George Osborne had a dig at former colleague Theresa May’s handling of Brexit on his first day as Evening Standard editor.
In an editorial, the London paper urged her to spell out her intentions if she really wanted a mandate for leaving the EU.
If you ask for a blank cheque, don’t be surprised if later it bounces, the editorial read.
Campaigning in the South West, Mrs May said: Can I wish George all the very best in his new (career). George did a great job for our party and for our country in his time as chancellor of the exchequer.
The former chancellor walked into the newspaper office at 7am saying it was a really important time when people are going to want straight facts.
He promised to report on the election campaign without fear or favour.
Critics have suggested that with Mr Osborne at the helm, the newspaper’s election coverage is likely to be highly biased towards the Conservatives.
On his first day in the office he said: It’s very exciting to be starting in the new job.
It’s a really important time in our country when people are going to want the straight facts, the informed analysis so they can make the really big decisions about this country’s future.
The Evening Standard is going to provide that and it is going to entertain along the way.
Now I’ve got to get in there – we’ve got a paper to get off stone so I better get started.
Mr Osborne’s arrival at the Standard offices was half an hour later than his predecessor’s typical start time.
Former editor Sarah Sands, who has joined the BBC, said in a 2014 interview she would be at her desking reading through the day’s papers by around 6.30am.
Mr Osborne’s appointment at the Evening Standard provoked accusations he was juggling too many roles.

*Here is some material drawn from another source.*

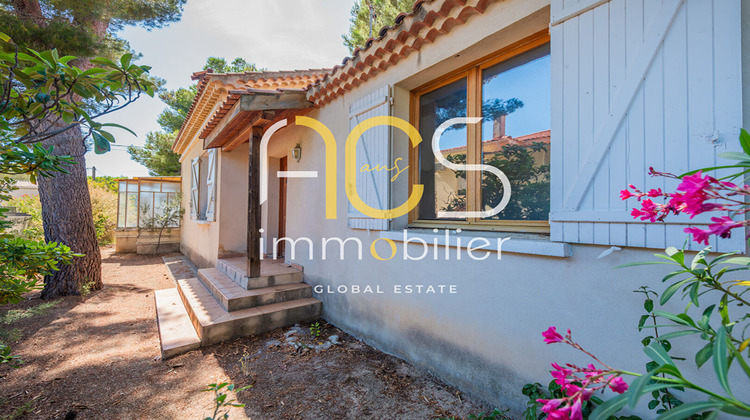 Ma-Cabane - Vente Maison CARRY-LE-ROUET, 70 m²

He announced last month that he would not stand to retain the Tatton seat he has held since 2001 in the General Election, saying he was leaving Parliament for now.
Mr Osborne earns £640,000 a year for one day a week’s work as an adviser at fund manager BlackRock.

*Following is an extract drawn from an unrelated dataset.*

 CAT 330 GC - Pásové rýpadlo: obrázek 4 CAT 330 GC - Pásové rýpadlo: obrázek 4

In the last year he has made £800,000 from 15 speaking engagements, including at City and Wall Street banks.
He also receives a £120,212 allowance as Kissinger fellow at the McCain Institute in Washington DC for a year and has an unpaid role as the chairman of the Northern Powerhouse Partnership.
His salary at the newspaper has not been disclosed.
Mr Osborne declined to answer whether he would step down from his other lucrative roles.
Former minister Esther McVey, who represented the Conservatives in Wirral West from 2010 until 2015, is due to stand in Mr Osborne’s seat in the election next month.